Reputation: 1059
I have a list of (key,value)
pairs of the form:
x=[(('cat','dog),('a','b')),(('cat','dog'),('a','b')),(('mouse','rat'),('e','f'))]
I want to count the number of times each value tuple appears with the key tuple.
Desired output:
[(('cat','dog'),('a','b',2)),(('mouse','rat'),('e','f',1))]
A working solution is:
xs=sc.parallelize(x)
xs=xs.groupByKey()
xs=xs.map(lambda (x,y):(x,Counter(y))
however for large datasets, this method fills up the disk space (~600GB).
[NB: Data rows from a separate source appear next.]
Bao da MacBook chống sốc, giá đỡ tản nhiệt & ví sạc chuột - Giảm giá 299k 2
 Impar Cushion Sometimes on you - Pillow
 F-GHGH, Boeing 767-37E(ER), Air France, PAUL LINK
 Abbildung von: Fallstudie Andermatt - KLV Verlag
I was trying to implement a similar solution using reduceByKey
:
xs=xs.reduceByKey(Counter).collect()
but I get the following error:
TypeError: __init__() takes at most 2 arguments (3 given)
Upvotes: 1
Views: 6624
Reputation: 2182
Here is how I usually do it:
xs=sc.parallelize(x)
a = xs.map(lambda x: (x, 1)).reduceByKey(lambda a,b: a+b)
a.collect()
yields:
[((('mouse', 'rat'), ('e', 'f')), 1), ((('cat', 'dog'), ('a', 'b')), 2)]
I'm going to assume that you want the counts (here, 1 and 2) inside the second key in the (key1, key2) pair.
To achieve that, try this:
a.map(lambda x: (x[0][0], x[0][1] + (x[1],))).collect()
The last step basically remaps it so that you get the first key pair (like ('mouse','rat')
), then takes the second key pair (like ('e','f')
), and then adds the tuple
version of b[1]
, which is the count, to the second key pair.
Upvotes: 6